En dépit de tous ces arguments favorables, Otium Venture ne s'est pas positionné. "Le ticket d'entrée était fixé à 20 millions de dollars. Avec un zéro en moins, je l'aurais envisagé. Mais avec cette valorisation, on n'est plus du tout dans la rationalité, justifie Pierre Entremont. Donc à part Benchmark et Sequoia, peu de professionnels de l'industrie ont investi. C'est un truc de nouveaux arrivants. D'ailleurs personne n'a vraiment compris pourquoi Sequoia y est allé. Peut-être qu'ils ont eu un meilleur deal… Ça reste un investissement seed. Pour que ça vaille le coup, il faut envisager de pouvoir faire fois 100. Donc si l'investissement porte sur une valorisation de 7 milliards, ce qui est le cas d'après moi, il faut atteindre une valorisation de 700 milliards. C'est-à-dire 1,5 fois plus que l'ensemble du marché actuel des cryptomonnaies. C'est donc un pari long terme et risqué. Le seul moyen pour que ce soit un bon investissement, c'est que dans 10 ans, Internet ne s'appelle plus Internet mais Telegram."

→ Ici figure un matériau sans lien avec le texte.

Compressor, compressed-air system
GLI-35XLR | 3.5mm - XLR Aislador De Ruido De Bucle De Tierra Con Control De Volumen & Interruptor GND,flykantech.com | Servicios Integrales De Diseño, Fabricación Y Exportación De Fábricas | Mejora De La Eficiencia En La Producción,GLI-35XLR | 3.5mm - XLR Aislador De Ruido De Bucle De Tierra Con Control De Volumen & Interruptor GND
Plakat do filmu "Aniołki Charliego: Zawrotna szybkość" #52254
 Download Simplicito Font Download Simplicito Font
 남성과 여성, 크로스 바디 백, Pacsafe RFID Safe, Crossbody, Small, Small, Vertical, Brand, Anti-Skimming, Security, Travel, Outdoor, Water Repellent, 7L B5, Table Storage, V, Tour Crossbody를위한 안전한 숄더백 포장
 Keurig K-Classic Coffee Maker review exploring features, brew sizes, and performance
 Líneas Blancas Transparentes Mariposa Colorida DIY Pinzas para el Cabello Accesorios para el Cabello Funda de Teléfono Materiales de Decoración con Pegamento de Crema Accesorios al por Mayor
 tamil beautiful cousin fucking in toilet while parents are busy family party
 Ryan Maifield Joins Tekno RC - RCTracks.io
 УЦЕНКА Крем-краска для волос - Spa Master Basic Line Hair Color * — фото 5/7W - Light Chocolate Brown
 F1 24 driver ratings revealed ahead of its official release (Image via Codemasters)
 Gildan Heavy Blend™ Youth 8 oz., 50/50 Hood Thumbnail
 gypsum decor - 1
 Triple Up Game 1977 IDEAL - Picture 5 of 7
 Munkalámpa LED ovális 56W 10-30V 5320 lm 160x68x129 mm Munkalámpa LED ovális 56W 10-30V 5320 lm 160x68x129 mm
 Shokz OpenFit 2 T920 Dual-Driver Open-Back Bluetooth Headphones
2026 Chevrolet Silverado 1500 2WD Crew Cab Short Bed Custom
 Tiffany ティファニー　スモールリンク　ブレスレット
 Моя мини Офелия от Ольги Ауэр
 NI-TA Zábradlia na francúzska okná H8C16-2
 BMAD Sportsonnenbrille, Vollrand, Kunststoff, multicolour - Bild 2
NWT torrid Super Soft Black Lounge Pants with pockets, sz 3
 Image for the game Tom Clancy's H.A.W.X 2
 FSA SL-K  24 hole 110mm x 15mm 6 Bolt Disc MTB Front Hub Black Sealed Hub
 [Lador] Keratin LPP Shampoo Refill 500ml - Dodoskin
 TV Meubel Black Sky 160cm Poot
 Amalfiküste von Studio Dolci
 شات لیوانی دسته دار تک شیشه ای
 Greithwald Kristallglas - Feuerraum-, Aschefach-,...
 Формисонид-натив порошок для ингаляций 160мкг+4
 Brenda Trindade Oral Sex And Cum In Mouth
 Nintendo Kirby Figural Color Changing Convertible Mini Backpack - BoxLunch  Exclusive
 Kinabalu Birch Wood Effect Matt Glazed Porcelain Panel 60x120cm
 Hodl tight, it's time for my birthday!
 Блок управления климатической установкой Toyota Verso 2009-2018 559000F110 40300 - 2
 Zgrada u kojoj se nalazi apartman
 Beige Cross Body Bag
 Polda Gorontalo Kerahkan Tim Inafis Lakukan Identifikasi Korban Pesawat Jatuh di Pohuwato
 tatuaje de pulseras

"Le seul moyen pour que ce soit un bon investissement, c'est que dans 10 ans, Internet ne s'appelle plus Internet mais Telegram"

C'est précisément là où Pavel Durov et sa suite veulent en venir : "En plus des paiements pour tous les actifs digitaux et physiques vendus par les particuliers dans l'écosystème Telegram et sur d'autres projets intégrés avec TON, les Grams seront utilisés comme […] moyen de paiement pour des services fournis par des app conçues sur la plateforme (TON Services), le stockage sécurisé des données de manière décentralisée (TON Storage), l'enregistrement des noms de domaine basés sur la blockchain (TON DNS), l'hébergement des sites TON (TON WWW), la confidentialité de l'identité et des adresses IP (TON Proxy), le contournement de la censure imposée par les FAI locaux (TON Proxy)", détaille le document d'informations publié en fin d'année dernière. Le lancement de l'offre TON Services est même prévu au 2e trimestre 2019, d'après la feuille de route qu'il contient.

Des paroles, des paroles mais… "Aucune ligne de code n'a encore été écrite. Au-delà du super entrepreneur et de la belle proposition de valeur qu'il leur a faite, la plupart des investisseurs ont encore une idée assez floue de ce dans quoi ils ont investi", déplore Pierre Entremont, que le niveau des fonds levés interroge également. "Quels sont les projets qui ont besoin de 800 millions ou 1,5 milliard pour démarrer ? A part la construction de ponts ou autres grosses infrastructures, je ne vois pas ! Ça laisse tout le monde perplexe. Sachant qu'en plus, il s'agit d'un projet décentralisé. Donc certes les développeurs qui maitrisent la technologie coûtent cher, mais une fois que l'infrastructure est créée, ça coûte moins cher qu'une infrastructure centralisée."

"Ce qui est sûr, c'est qu'il faut s'attendre à quelque chose de gros"

Si le pédigrée de Pavel Durov, qui a le don de convaincre toutes les personnes qu'il rencontre en meeting, rapporte Pierre Entremont, a été largement détaillé, on ne croule pas non plus sur les informations concernant le reste des équipes de Telegram. Tout juste sait-on, grâce au white paper toujours, qu'elle est composée de 15 développeurs, "sélectionnés parmi des milliers de prétendants au cours des dix dernières années". Pour faire partie de l'aventure, précise le document, chacun des membres actuels a dû soit remporter l'un des plus prestigieux concours mondiaux de programmation, soit s'illustrer lors de l'une des compétitions nationales de codage multiniveaux organisées par le fondateur de Telegram en personne. "L'ICO de Telegram est un OVNI, une ICO volante non identifiée, ponctue Pierre Paperon. Ce sera un vrai succès en termes de levée. Pavel Durov dispose de tout le background pour dire que c'est un game changer. Ce qui est sûr, c'est qu'il faut s'attendre à quelque chose de gros."